These No Molasses Gingerbread Cookies are so yummy and a must for the holidays. The best thing about this recipe is that it calls for ingredients and spices you probably already have in your pantry!
These cookies are full of flavor and I love to decorate them with Eggless Royal Icing. You can get both the No Molasses Gingerbread cookie and Eggless Royal Icing recipes below.
Just a note about the Eggless Royal Icing: This icing hardens as it dries so you can stack your cookies later without the icing getting all messed up. The icing mixture is also very thick and works great in a piping bag. If you want the mixture a little thinner you could add a tiny bit more water but don’t add too much!

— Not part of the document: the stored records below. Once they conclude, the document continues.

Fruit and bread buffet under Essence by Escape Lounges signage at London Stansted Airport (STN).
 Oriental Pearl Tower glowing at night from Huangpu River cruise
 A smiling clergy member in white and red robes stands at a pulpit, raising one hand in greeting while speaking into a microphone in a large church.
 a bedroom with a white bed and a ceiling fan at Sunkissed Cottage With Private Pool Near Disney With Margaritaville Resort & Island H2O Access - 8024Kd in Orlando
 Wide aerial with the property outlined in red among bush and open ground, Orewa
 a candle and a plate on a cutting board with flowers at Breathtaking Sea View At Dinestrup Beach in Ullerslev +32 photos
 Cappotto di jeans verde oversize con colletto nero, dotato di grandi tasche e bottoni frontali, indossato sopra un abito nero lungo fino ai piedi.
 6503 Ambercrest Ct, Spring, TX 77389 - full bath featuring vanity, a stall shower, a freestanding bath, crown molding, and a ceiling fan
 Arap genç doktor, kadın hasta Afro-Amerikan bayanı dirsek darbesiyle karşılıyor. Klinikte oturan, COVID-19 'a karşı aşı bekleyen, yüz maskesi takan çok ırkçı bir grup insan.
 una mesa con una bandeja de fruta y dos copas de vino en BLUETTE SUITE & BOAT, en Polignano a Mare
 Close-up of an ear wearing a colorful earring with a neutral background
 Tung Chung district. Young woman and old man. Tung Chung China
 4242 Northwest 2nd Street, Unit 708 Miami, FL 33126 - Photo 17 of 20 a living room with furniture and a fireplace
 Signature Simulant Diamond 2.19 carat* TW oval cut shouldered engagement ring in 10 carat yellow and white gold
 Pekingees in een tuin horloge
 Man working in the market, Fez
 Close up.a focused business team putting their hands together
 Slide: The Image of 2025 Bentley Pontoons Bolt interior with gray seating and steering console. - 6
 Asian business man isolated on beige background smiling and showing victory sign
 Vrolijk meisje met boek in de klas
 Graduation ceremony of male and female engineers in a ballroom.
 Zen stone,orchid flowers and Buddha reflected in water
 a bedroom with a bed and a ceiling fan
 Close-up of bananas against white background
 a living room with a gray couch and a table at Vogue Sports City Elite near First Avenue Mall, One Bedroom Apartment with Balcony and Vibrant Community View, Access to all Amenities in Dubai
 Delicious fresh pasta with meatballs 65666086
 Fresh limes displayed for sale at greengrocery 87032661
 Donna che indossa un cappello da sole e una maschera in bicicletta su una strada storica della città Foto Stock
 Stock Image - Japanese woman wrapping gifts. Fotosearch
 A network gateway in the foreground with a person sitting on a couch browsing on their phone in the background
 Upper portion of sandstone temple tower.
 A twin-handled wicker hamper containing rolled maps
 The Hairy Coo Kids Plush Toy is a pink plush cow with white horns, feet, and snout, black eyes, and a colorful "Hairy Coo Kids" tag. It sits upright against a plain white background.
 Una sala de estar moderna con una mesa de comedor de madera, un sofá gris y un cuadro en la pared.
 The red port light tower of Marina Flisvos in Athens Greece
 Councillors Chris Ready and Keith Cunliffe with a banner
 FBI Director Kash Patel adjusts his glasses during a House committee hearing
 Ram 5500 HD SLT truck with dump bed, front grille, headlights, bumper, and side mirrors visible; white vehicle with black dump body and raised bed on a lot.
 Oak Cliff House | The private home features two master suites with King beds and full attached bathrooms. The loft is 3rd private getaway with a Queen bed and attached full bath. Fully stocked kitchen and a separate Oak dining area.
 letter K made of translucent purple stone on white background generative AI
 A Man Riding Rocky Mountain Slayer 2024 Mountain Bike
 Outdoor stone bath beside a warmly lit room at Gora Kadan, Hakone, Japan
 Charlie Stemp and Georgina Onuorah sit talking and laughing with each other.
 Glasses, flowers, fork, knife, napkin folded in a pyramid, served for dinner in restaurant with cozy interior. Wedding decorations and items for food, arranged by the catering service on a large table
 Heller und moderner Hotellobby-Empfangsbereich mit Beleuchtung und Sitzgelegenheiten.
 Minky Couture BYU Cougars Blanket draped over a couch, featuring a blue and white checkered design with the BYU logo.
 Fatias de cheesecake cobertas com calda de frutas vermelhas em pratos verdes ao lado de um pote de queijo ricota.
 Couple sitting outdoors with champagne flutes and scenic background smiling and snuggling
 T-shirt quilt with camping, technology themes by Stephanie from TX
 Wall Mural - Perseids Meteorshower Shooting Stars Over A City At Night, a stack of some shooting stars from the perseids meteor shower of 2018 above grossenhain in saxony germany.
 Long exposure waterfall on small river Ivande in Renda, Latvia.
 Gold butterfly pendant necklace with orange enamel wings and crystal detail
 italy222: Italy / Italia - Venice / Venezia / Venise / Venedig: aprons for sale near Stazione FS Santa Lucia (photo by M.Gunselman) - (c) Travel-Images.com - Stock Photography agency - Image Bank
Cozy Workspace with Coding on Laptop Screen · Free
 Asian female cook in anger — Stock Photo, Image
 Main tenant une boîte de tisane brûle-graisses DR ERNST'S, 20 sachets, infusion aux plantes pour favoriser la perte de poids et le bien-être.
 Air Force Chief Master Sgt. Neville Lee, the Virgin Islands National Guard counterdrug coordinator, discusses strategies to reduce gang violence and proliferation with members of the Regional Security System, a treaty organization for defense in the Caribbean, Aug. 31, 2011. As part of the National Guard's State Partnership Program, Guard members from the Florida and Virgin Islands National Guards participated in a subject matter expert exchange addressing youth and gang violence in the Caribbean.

Helpful Tips When Making No Molasses Gingerbread Cookies
- For softer cookies roll the dough out thick, about a half-inch thick.
- To keep the dough from overspreading in the oven chill the dough before rolling it out. See “Chill and Rolling-Out Dough Options” below.
- When rolling the dough out and cutting with cookie cutters, work quickly. The colder the dough stays before going into the oven the better!
Chill and Rolling-Out Dough Options
- Traditional Method: Roll the dough out to about one-inch thickness. Wrap in plastic wrap and put it in the refrigerator for two hours. Then roll out on a floured surface, cut with cookie cutters, place on parchment-lined cookie sheets, and bake as usual.
- Mess Free Option: Roll dough to a desired thickness between two sheets of parchment paper, about 1/2 inch thick. Then let the sheets of dough chill for two hours in the refrigerator. After two hours, remove the top sheet of parchment. Cut with cookie cutters, place on parchment-lined cookie sheets, and bake as usual.